**Data excerpt:**
====

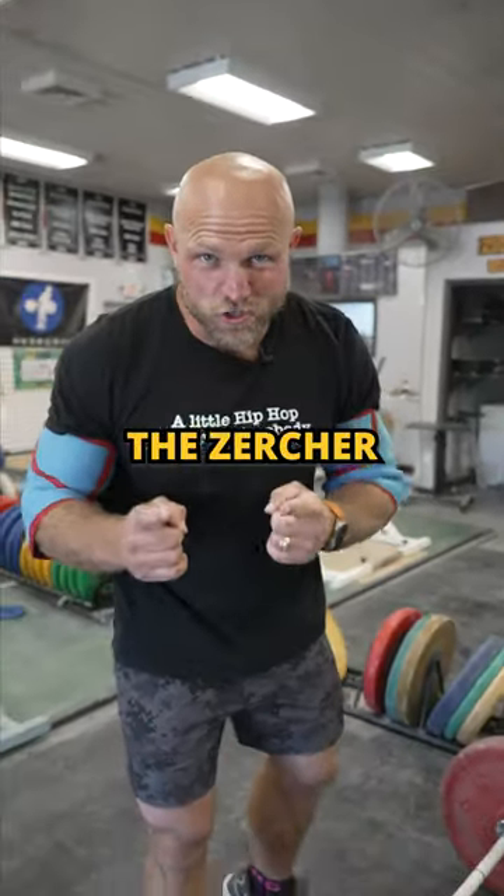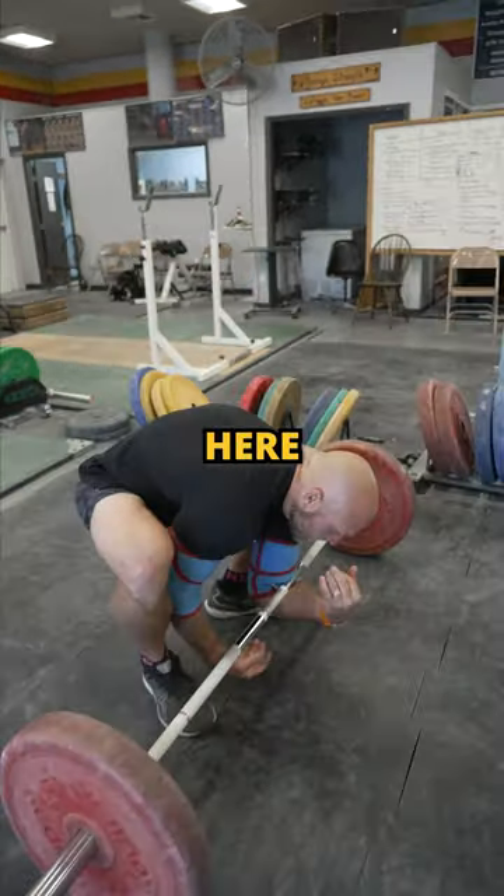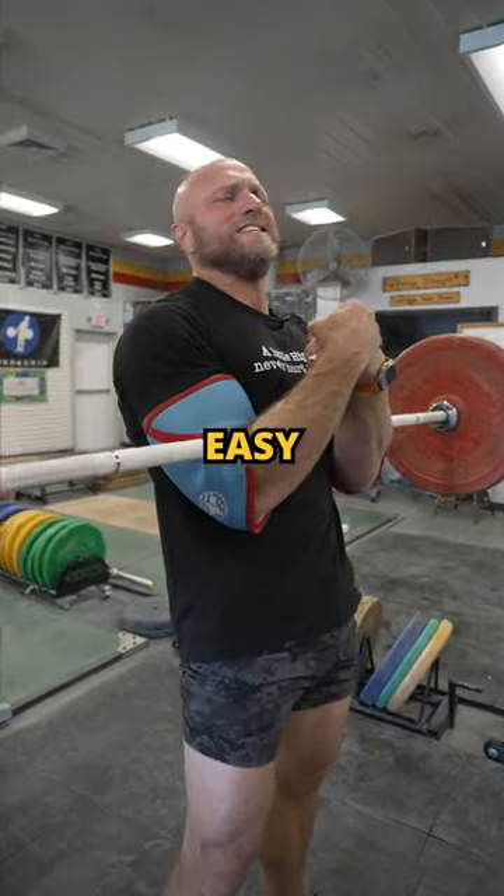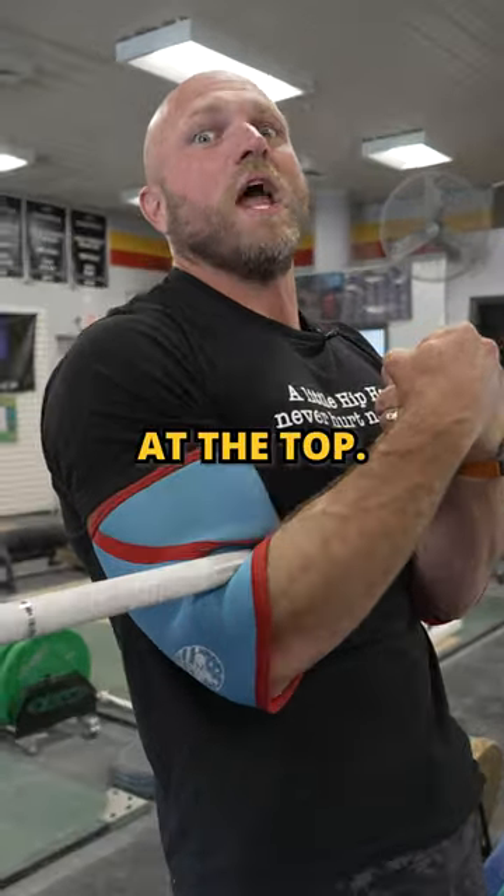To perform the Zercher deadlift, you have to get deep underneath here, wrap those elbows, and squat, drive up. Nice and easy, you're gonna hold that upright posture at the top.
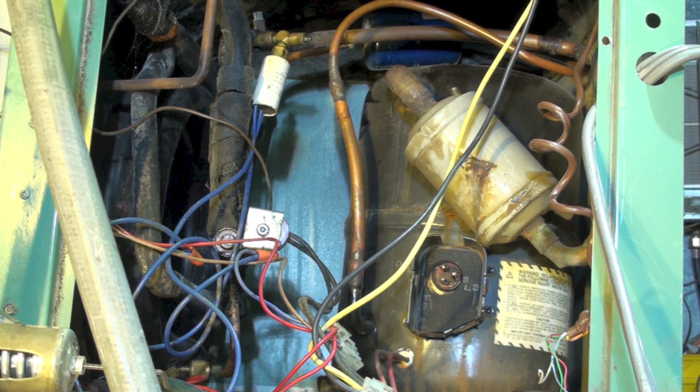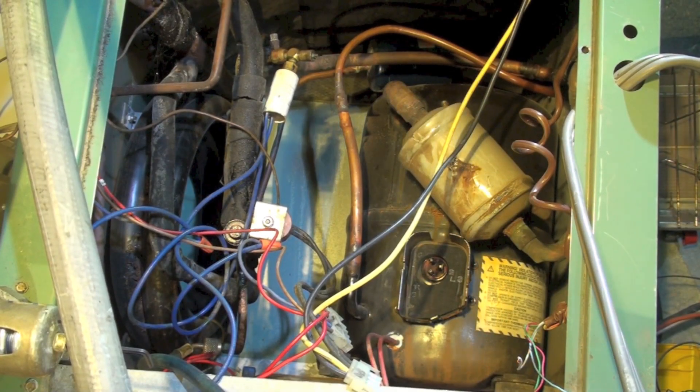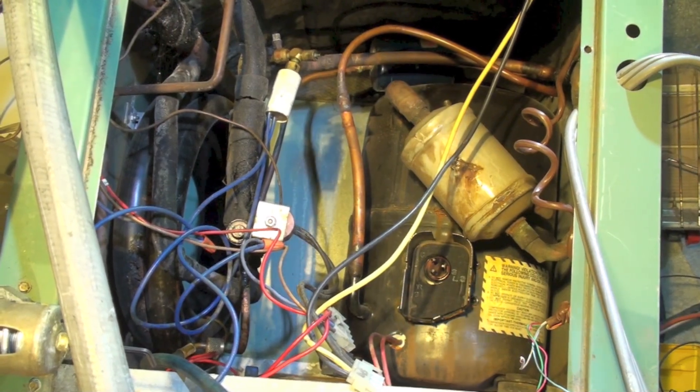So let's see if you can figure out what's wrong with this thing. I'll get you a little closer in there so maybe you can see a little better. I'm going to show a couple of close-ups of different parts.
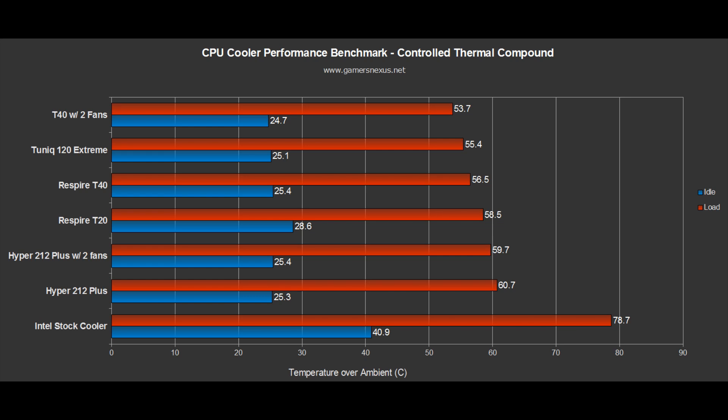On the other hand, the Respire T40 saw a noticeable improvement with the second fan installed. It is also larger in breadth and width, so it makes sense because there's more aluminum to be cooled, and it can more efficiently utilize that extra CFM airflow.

====

**What you need to do:** Write out again, exactly, only the lines from the beginning of the material above to the line that holds "So let's see", both ends included, and no pictures.

**Result for this task:**
To perform the Zercher deadlift, you have to get deep underneath here, wrap those elbows, and squat, drive up. Nice and easy, you're gonna hold that upright posture at the top.
So let's see if you can figure out what's wrong with this thing. I'll get you a little closer in there so maybe you can see a little better. I'm going to show a couple of close-ups of different parts.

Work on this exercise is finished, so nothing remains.